Took a quick photo of the tank before I left 










Also some reef mail!

Beamworks 9x 1w LED 6 white and 3 blue, it was a purchased before the tank. So it will get used for the time being. I will purchase a MarsAqua 165w LED light maybe this weekend.

I'll keep the Beamworks for backup or another nano.


----------



## poy (Jan 14, 2015)

Update to the reefscape, more space up front and heater moved into CPR BakPak. Added LPS mutant mini hammer frag on left rock. Picked up 3x Astrea snails to a beginning of a clean up crew


----------



## Bullet (Apr 19, 2014)

Nice !
Thanks for sharing 
Good luck


----------



## paulie (Mar 25, 2013)

good looking tank there!


----------



## poy (Jan 14, 2015)

Well CanadaPost delivered the MarsAqua 165w LED light. Wow this thing is powerful on full (not tested full levels on tank). I've set it 11.5" away from the water. It's longitudinally mounted with single shelf bracket w/brace and 3x concrete anchors. So far so good! Currently at 20%, I'll get some split loom to clean up the wiring when I have a chance.


----------



## poy (Jan 14, 2015)

Setup the Jebo 8G in perpetration to the Brantford Coral Show. Excited to get some new frags aside from green! rare Ritzcracker sps


----------



## poy (Jan 14, 2015)

So some time has passed and I have gotten some zoas/paly's (type? unknown, i'm terrible with names) as well a BTA anemone. My RW8 wave maker is now on a 12v adapter. The 24v adapter provided was too powerful to even use on full low. Still have to pick up an RODI setup and get off the tap water. Other than that, everything is going great in the tank. I feel like the rock scape could be better.


----------



## altcharacter (Jan 10, 2011)

Everything in your tank looks super healthy for what it is. Nano tanks aren't easy to keep due to the overwhelming problems they produce but your tank is coming along very well. I can't wait to see what you do with a 90g!

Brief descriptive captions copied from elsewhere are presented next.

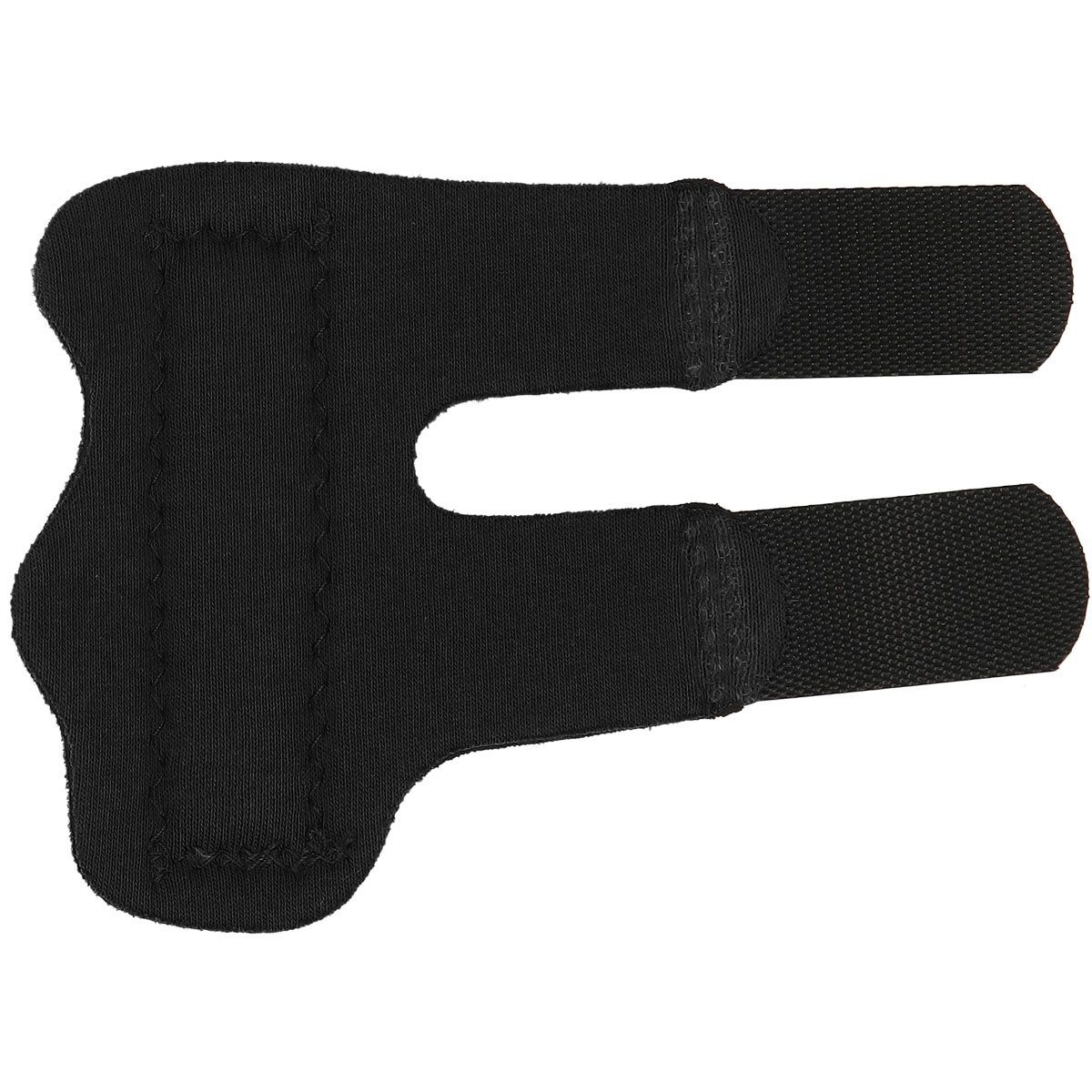 2pcs Adjustable Trigger Finger Splint Straightener Corrector Support Protector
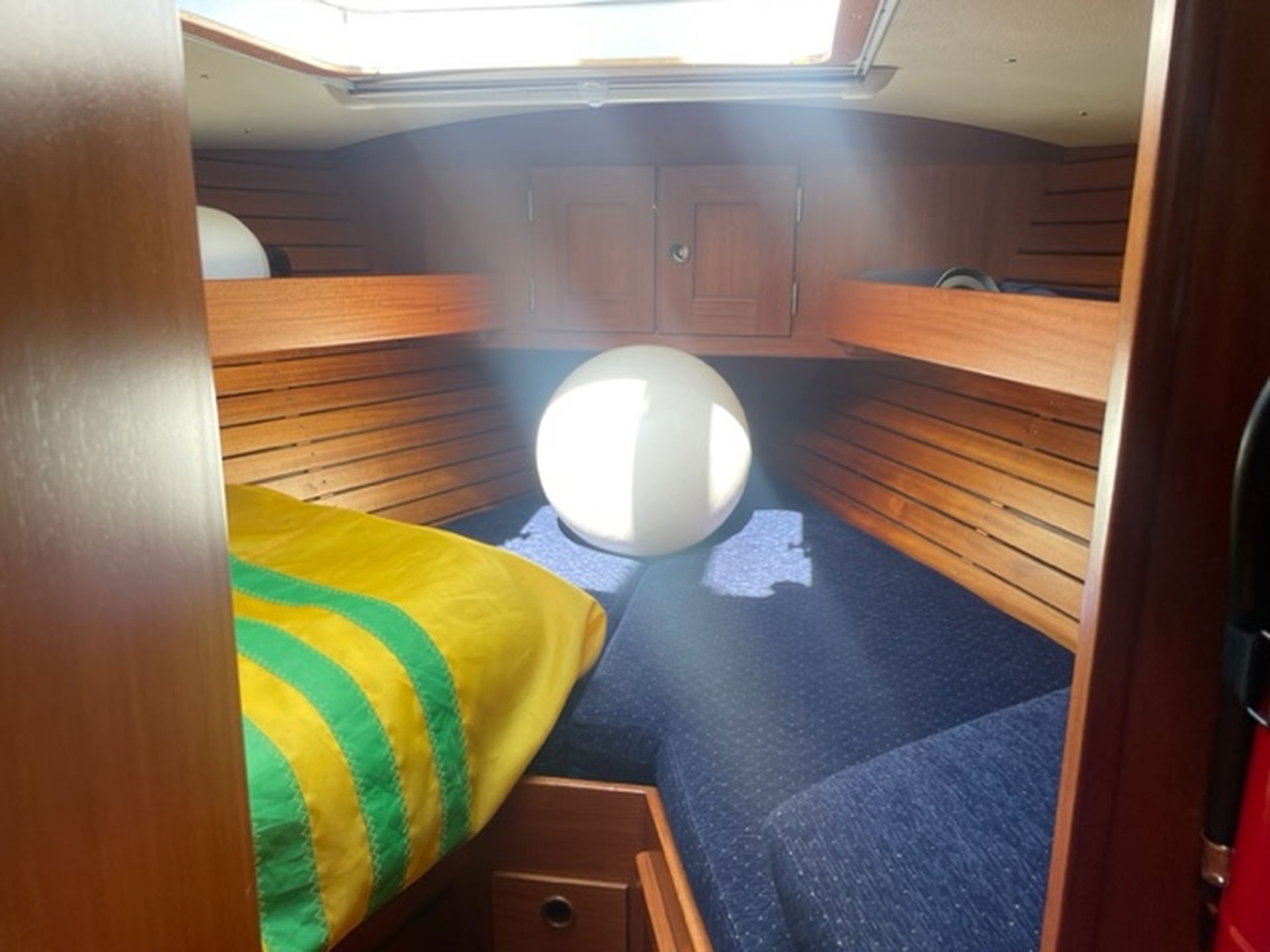 Hallberg Rassy 352 #23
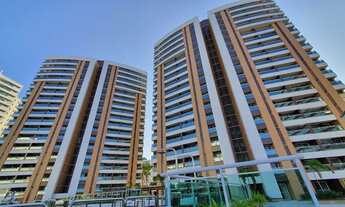 Imagem 2: JR) Apartamento a venda no Luciano Cavalcante - 124m², 3 suítes, dce, 2 Vagas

Also that 8g is itching ro have salt in it again. Can't believe I sold it 
Good to see someone is putting it to use though


----------



## poy (Jan 14, 2015)

Dave, I got you man! Here is what's become of it, has live rock with some GSP and zoa's. It turned into a bare bottom nano reef, was more to see what it would be like with no substrate in small scale.


----------